Martes. La artesanía de la queja local hace que la literatura argentina sea un juguete caro. ¡Y lo sé porque pagué siempre en cuotas! Mientras tanto, qué fabulosa libra de carne es la queja en este país. Tributo, producto y recompensa al mismo tiempo. Luego, el universo se equilibra en la ironía. Más tarde, cito a Machado de Asís en una reunión de amigos y hago un poco el ridículo. Todo es parte del mismo tuco neurótico, de ese humanismo que no da para más pero sigue tirando.

Martes, más tarde. Encontré una foto en Facebook. En primer plano se ve el portón de un casa. La construcción responde a la idea que tengo de la casa de zona norte, o de la costa argentina de antigua urbanización. En el portón blanco del garage le pintaron con un aerosol negro: “Me vas a pagar o no hijo de tu puta madre 1er aviso.” La pintada es muy prolija. No está hecha con miedo o duda. El trazo es grueso. Se trata del habla del mercado. Un vocabulario, una sintaxis y un soporte por fuera de la buena voluntad.

Miércoles. Escribí en Twitter: “Joven argentino, las trampas del humanismo quizás te hagan feliz pero también te harán pobre...” El único humanismo posible es Internet.

Jueves. Por la mañana llevo a mi hija al Museo de Ciencias Naturales del Parque Centenario. Miramos los huesos y leemos los carteles informativos. En un momento, seria, me dice: “Cuidado, ellas pueden oler tu miedo, malditas bestias.” Los carteles informativos me gustan tanto como los huesos.

Jueves, más tarde. “Pienso que la literatura es, entre otras cosas, un avance laborioso a través de la propia estupidez.” Bien. Frase emblemática de Roberto Walsh. Precisa y, sin embargo, me invita al cuestionamiento. ¿A qué se refiere con ese “entre otras cosas”? Yo diría, con un truco que ya conozco, que no es “la literatura” sino el acto de leer, “la lectura”, ese avance laborioso. Y la propia estupidez sí, pero también nuestra íntima y resistente ingenuidad que muchas veces no es estúpida.

Viernes. Soñé con Fogwill. Me recibía en una hotel en Puerto Madero. Habían hecho una reedición de sus libros muy lujosa y había novelas de él que yo no conocía. Era amable y sarcástico y me dejaba solo en una habitación con vista a la ciudad iluminada. Se ponía un rompe viento y se iba. "Chau, Terranova." Después aparecía un tipo muy alto, con rústicos rasgos femeninos, casi un trava, que me vigilaba (se daba cuenta que me quería robar unos libros), me preguntaba qué hacía ahí, me tomaba unos datos, hablábamos del escritor con admiración. Después me decía que Fogwill estaba muerto, lo decía con una pena medio falsa de gestión cultural. Yo me iba. Bajaba en ascensor de paredes de acero inoxidable. En el lobby del hotel había una mujer con un bebé y mucho equipaje. Yo salía a la calle y hacía frío, era invierno, y estaba contento, sentía una vitalidad agradecida, una ecuanimidad de esas que solamente se siente en los sueños.

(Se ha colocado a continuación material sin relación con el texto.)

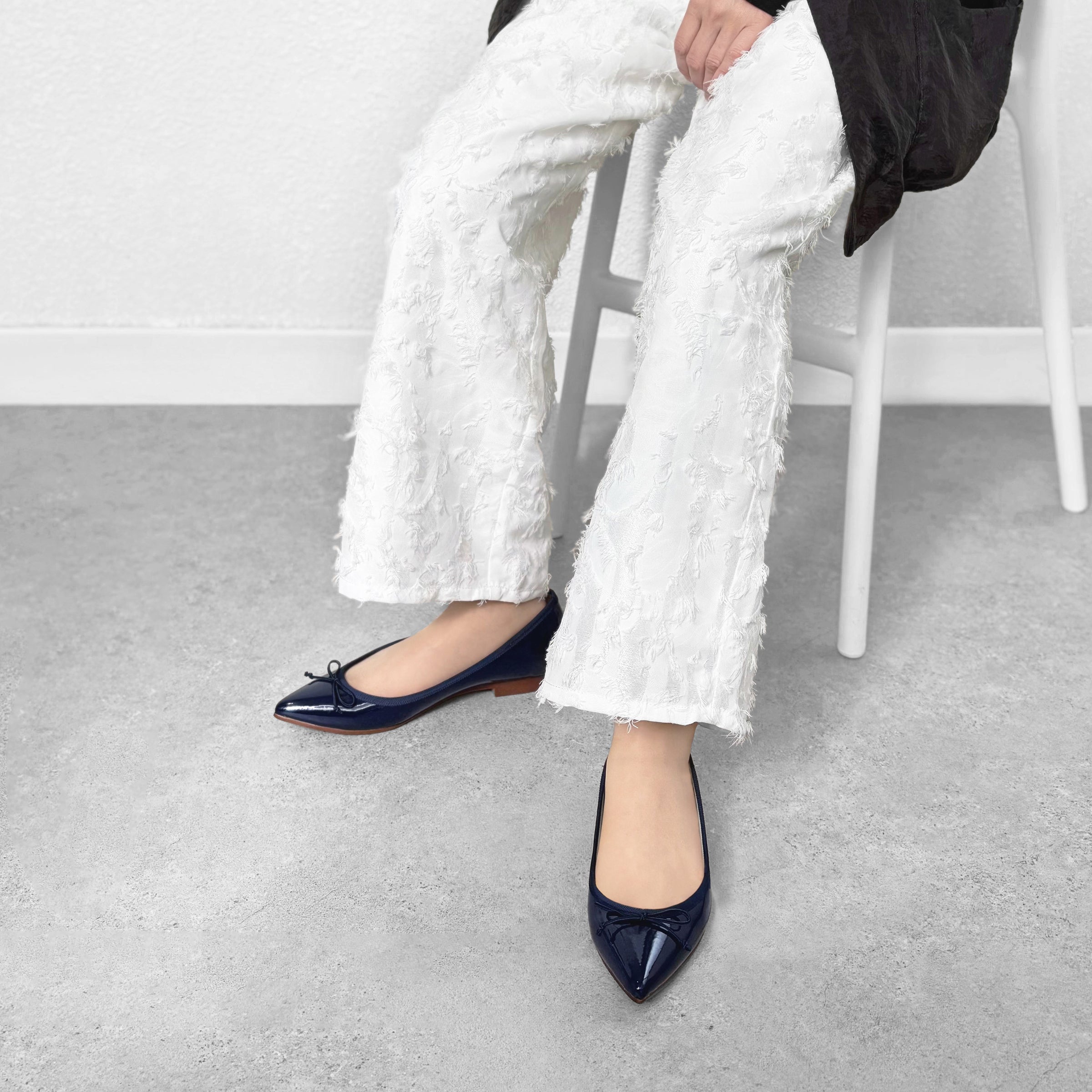 2026SSBI：ポインテッドトゥ フラット バレエシューズ（1333）ネイビー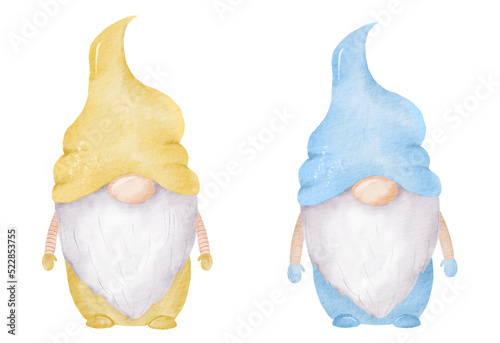 Obraz na płótnie Yellow and Blue Watercolor Easter Gnome Clipart w salonie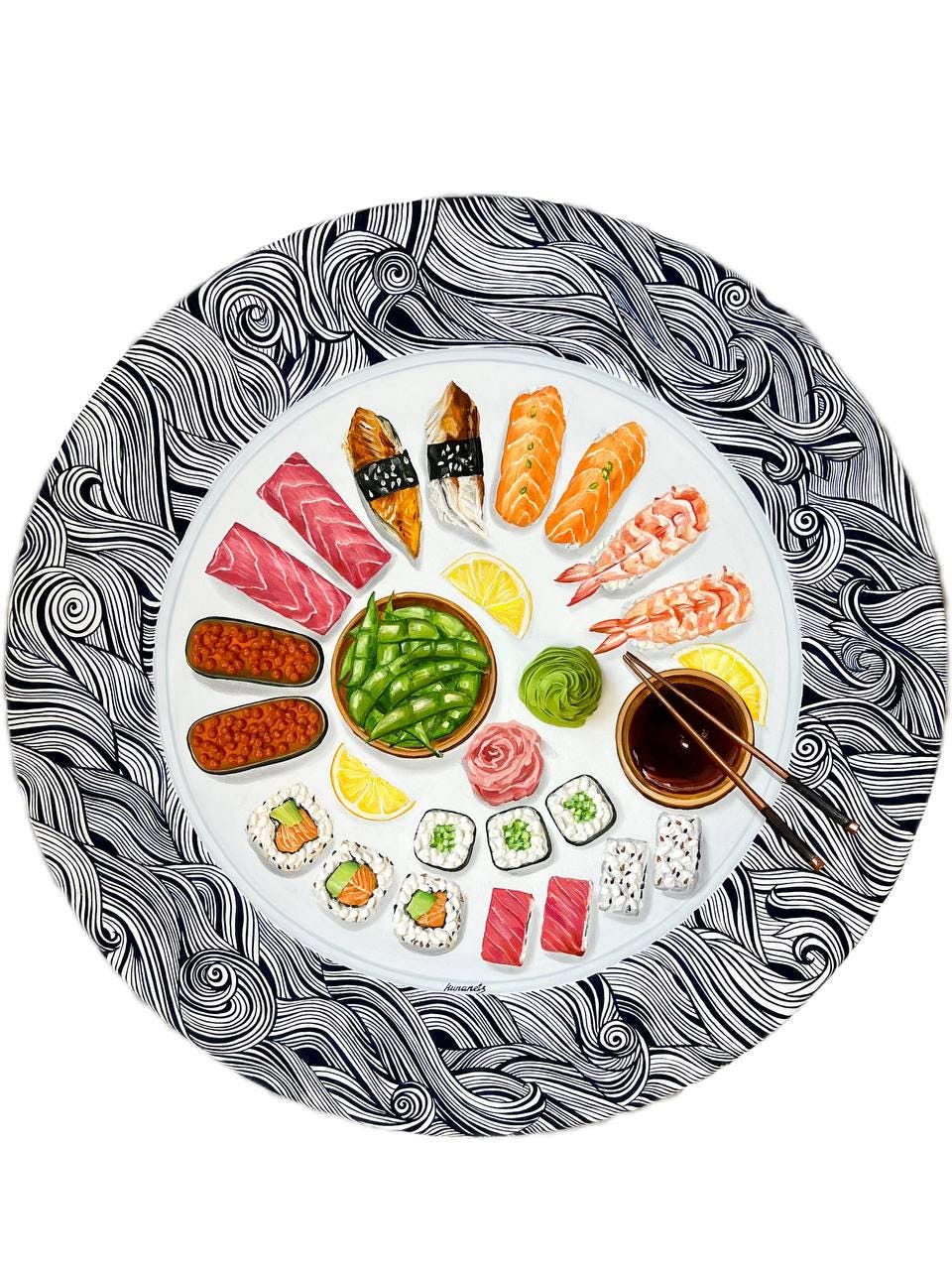 Textured impasto oil painting of Japanese sushi by Christina Kunanets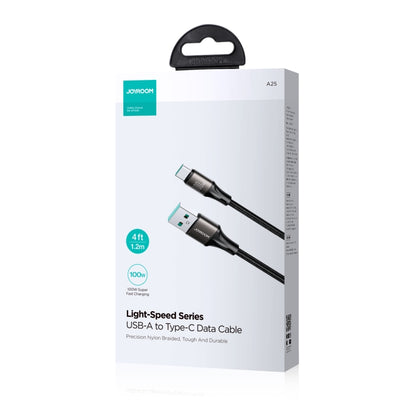 JOYROOM SA25-AC6 100W USB to USB-C/Type-C Fast Charge Data Cable, Length:1.2m(Black) - USB-C & Type-C Cable by JOYROOM | Online Shopping UK | buy2fix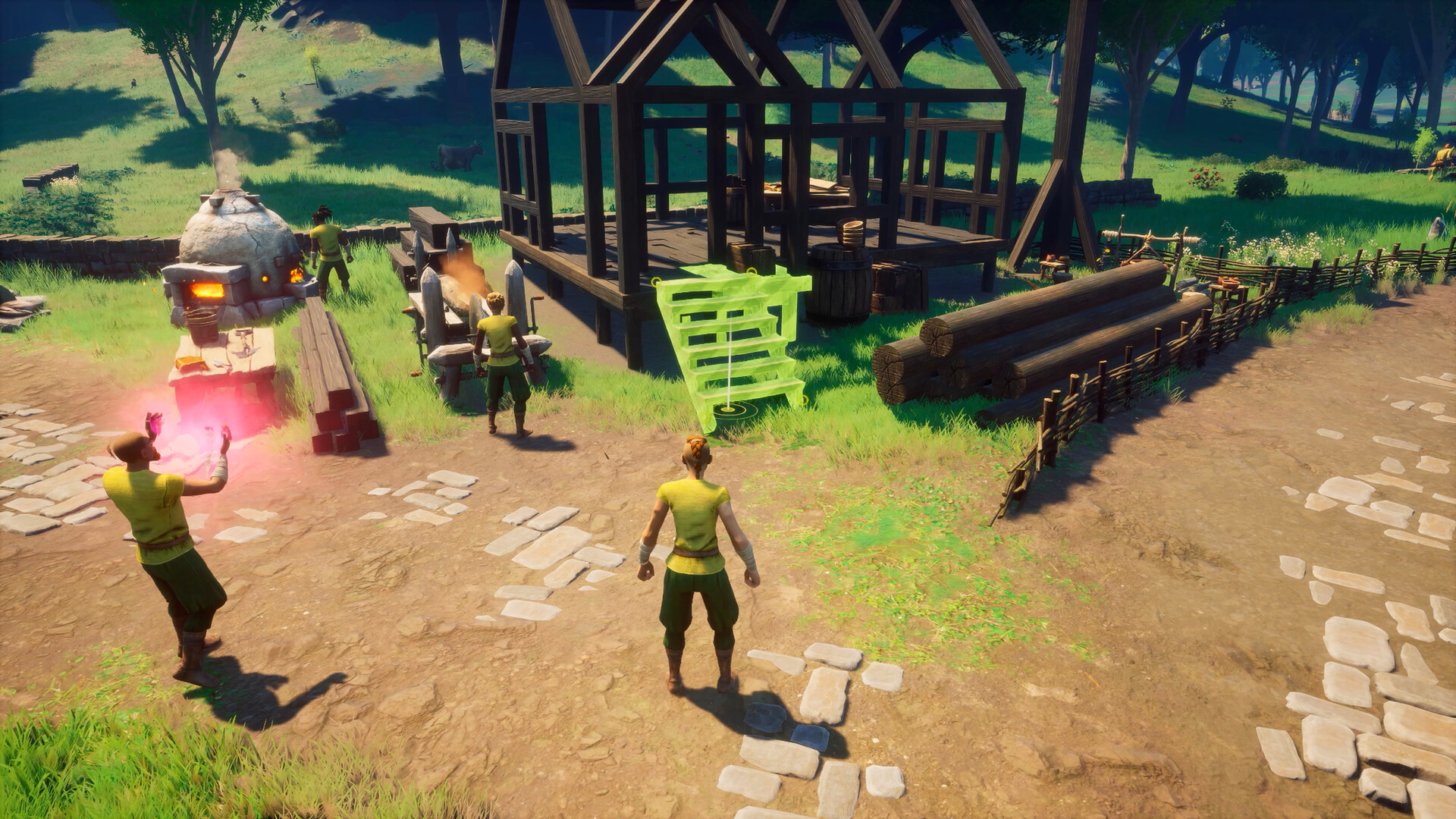 Un personnage se tient près d’une construction et d’un atelier.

Viernes, más tarde. Ignacio Irulegui recuerda en Facebook The book of Eli, una película donde Denzel Washington caza gatos con arco y flecha y se aprende de memoria la Biblia en un mundo posnuclear. Cita una escena puntual, un tiroteo en una casa en el desierto. La casa pertenece a dos amables viejos caníbales. Cuando repaso la escena recuerdo con sorpresa que los viejos se llaman “George and Martha.” Martín Felipe Castagnet cita a Melville “Queequeg was George Washington cannibalistically developed.” La frase me resulta hermosa. ¿Usaba galera el maorí? ¿Era maorí? Dudo. Lo recuerdo maorí y de galera. Castagnet me responde que en la ficción no era maorí sino polinesio, pero agrega otra cita: “Scholar Geoffrey Sanborn recently discovered that Melville based the character of Queequeg on an anecdote about a Maori chief named Tupai Cupa, which Melville read in a book called The New Zealanders by George Lillie Craik (published in 1830).” Luego agrega que sí, que usaba una galera como la que después popularizaría Abraham Lincoln (beaver hat) y que el último presidente de los Estados Unidos que usó sombrero de copa en un acto fue Richard Nixon.